In 2010 Norman developed two small-scale urban farming parks in the Hague, the Netherlands, that test and question the limitations and potentialities of permaculture as a possible citywide alternative design strategy for urban centres They are an ongoing project and can be visited by the public. He has worked closely with the local community of Mereside to develop ideas for two new play areas. In 2015 the St Fagans National History Museum, Cardiff, Wales commissioned Norman to develop a new playground for the museum that reflects its collection of Welsh historical artefacts.
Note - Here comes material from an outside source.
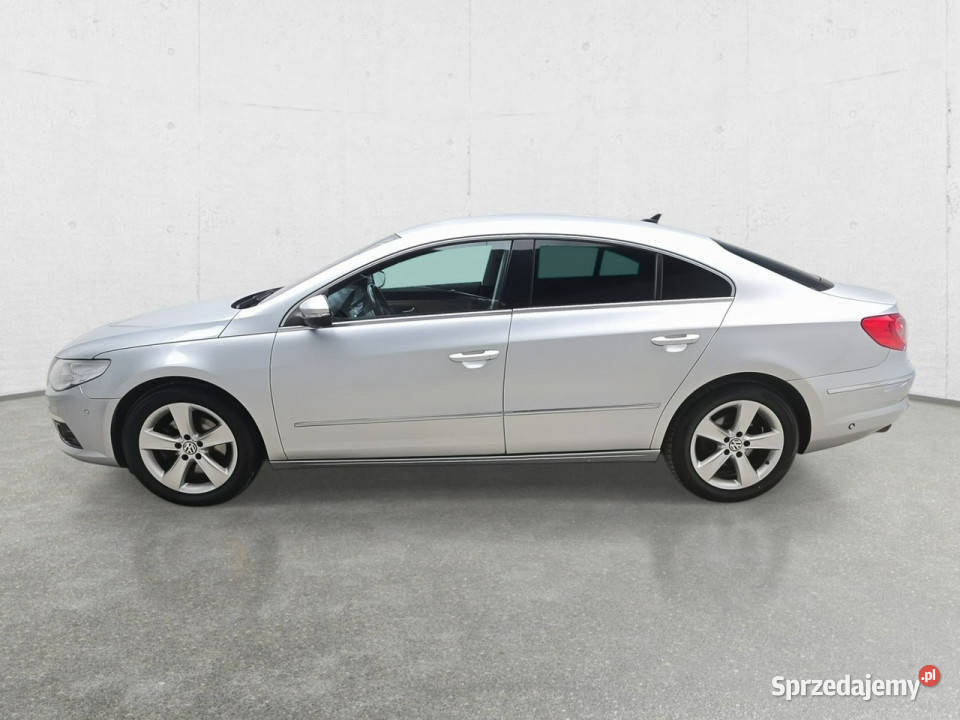 Volkswagen Passat CC Rok produkcji 2011 Komorniki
The playground will be completed in Spring 2017.

In collaboration with the artist Gareth Jones, Norman has been researching and designing a new public art strategy called City Club for the area around the Milton Keynes Gallery in Milton Keynes. Norman has also been collaborating with the Welsh artist Owen Griffiths on a public realm project in Trebanog, Wales. Working closely with children and parents locally to develop designs for their public spaces, commissioned by Artis Mundi. In 2017 he will complete a new library design for the Rietveld Art Academy Amsterdam.